===========
It seems to me that ARMv7 uprobes need proper icache
flush after xol write. Please look at [1] discussion for similar
issue on ppc.
It seems that flush_dcache_page was sufficient for latter
architectures of PPC but it does not look that it is good enough
for ARMv7.
AFAIK know ARM V7 does not have "snooping Harvard caches"
and needs something like __cpuc_coherent_user_range function call
to sync up icache and dcache after instruction write through
dcache.
Patch that I propose follows this cover letter. There I
introduced weak arch_uprobe_xol_sync_dcache_icache function that
does traditional flush_dcache_page call and I redefined this
function to __cpuc_coherent_user_range call in ARM v7 > case.

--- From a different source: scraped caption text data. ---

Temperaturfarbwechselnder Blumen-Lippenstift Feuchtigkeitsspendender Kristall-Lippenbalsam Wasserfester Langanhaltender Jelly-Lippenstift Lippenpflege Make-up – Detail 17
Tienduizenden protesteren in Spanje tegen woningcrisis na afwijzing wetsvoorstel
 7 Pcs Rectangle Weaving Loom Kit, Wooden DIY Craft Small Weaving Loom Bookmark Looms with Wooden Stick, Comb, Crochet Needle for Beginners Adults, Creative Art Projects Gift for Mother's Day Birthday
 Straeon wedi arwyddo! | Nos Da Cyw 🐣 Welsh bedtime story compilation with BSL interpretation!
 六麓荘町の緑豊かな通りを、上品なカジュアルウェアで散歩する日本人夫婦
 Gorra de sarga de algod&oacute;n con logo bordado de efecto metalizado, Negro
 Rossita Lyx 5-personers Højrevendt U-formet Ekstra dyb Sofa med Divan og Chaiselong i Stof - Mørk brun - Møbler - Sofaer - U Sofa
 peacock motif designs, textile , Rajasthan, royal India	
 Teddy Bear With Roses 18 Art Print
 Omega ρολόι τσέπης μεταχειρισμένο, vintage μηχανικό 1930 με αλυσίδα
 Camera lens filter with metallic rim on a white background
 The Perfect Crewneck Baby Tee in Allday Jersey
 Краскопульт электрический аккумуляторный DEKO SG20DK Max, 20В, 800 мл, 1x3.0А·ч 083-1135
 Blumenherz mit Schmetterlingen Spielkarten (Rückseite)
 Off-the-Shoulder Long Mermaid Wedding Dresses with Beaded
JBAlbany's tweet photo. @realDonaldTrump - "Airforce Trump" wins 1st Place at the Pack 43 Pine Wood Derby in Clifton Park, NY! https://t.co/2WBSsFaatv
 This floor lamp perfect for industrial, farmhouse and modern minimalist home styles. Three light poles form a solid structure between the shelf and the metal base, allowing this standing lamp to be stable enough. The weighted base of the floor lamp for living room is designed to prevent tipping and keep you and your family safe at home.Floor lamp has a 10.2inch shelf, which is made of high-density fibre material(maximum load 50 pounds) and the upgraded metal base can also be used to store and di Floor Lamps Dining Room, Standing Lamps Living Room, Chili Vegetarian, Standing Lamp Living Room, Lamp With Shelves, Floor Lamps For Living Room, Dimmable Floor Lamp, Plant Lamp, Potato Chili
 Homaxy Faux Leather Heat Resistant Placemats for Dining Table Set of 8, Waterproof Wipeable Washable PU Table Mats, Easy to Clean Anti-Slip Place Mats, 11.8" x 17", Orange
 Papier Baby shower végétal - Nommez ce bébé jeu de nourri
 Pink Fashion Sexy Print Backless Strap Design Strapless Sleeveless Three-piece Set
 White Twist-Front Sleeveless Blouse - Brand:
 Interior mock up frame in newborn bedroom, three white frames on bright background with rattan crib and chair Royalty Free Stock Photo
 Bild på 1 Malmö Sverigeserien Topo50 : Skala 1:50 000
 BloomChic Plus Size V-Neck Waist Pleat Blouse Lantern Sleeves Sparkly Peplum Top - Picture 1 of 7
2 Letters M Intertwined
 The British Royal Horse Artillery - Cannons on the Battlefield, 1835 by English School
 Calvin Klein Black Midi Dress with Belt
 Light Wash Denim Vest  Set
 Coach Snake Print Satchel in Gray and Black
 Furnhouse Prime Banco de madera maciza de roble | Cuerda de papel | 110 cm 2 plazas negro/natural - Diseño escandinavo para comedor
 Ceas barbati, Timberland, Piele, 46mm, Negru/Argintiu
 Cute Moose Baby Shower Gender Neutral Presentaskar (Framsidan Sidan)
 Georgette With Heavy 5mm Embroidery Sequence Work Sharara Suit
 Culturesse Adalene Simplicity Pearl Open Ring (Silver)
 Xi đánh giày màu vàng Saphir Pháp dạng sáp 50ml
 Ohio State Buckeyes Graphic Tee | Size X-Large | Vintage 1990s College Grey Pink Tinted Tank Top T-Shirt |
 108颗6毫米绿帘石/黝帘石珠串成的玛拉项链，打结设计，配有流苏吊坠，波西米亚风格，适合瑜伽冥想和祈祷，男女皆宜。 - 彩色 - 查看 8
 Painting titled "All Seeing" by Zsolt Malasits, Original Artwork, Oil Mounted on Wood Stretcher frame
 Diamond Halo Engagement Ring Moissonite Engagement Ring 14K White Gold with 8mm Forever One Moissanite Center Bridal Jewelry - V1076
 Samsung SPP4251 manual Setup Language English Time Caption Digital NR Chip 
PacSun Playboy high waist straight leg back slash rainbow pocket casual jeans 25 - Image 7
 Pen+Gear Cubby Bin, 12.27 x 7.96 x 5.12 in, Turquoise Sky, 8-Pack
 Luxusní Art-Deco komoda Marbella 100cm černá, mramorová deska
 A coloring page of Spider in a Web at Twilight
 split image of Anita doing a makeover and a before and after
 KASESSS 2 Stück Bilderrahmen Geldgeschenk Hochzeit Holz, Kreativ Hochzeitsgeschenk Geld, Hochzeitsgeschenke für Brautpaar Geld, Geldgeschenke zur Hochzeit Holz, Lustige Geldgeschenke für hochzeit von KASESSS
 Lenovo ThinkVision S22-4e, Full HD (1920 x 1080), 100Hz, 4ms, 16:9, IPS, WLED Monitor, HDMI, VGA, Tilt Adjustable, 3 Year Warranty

[1] http://linux-kernel.2935.n7.nabble.com/Re-PATCH-6-9-uprobes-flush-cache-after-xol-write-td216886.html
Longer story
============
I was trying Dave's armv7 uprobes with SystemTap on Arndale
board. I used Linaro linux branch 3.14 based that contained
Dave's armv7 uprobes topic code. I believe it should be
pretty much the same as armv7 uprobes code that went to Russell's
tree.
I was able to do one function simple test - it worked
fine for me. But when I've tried to run many function like "probe
process("foobar").function("*")" probe SystemTap my target
process always crashed.
After quite a bit of chasing the issue, I was able to come
up with test case that shows several probes installed against
'ls' process. First probe placed at 'push {r4, r5, r6, r7,
r8, r9, r10, r11, lr}' instruction, which is first in
_getopt_initialize function, then script adds few more probes
at _getopt_initialize addresses that are executed latter. And
in those probes I dump registers set and top of stack. By
looking at execution of script one may easily conclude that it
looks like that for each probe 'push {r4, r5, r6, r7, r8, r9,
r10, r11, lr}' instruction is always executed - one may see
36 bytes increase of stack size and see copy of corresponding
registers on the stack.
The code path is the following:
handle_swbp -> pre_ssout
pre_ssout -> xol_get_insn_slot
xol_get_insn_slot -> copy_to_page
xol_get_insn_slot -> flush_dcache_page
pre_ssout -> arch_uprobe_pre_xol
pre_ssout function calls xol_get_insn_slot which finds
available slot in XOL area, that is mapped into user process
and copies required instruction into xol slot. After that it
calls flush_dcache_page, but icache is not flushed in ARM
case by this function. So I think the following thing happens:
first time first xol slot got 'push {r4, r5, r6, r7, r8, r9,
r10, r11, lr}' instruction and it retrieved into icache. Latter
when other probes are executed the same first slot of xol area
it will get different instruction but because icache is not
flushed CPU keep executing 'push' instruction.
When I add the following testing patch that flush icache
in arch_uprobe_pre_xol
[kamensky@kamensky-w530 git]$ git diff
@@ -117,6 +117,8 @@ int arch_uprobe_pre_xol(struct arch_uprobe *auprobe, struct pt_regs *regs)
{
struct uprobe_task *utask = current->utask;
+ __flush_icache_all();
+
if (auprobe->prehandler)
auprobe->prehandler(auprobe, &utask->autask, regs);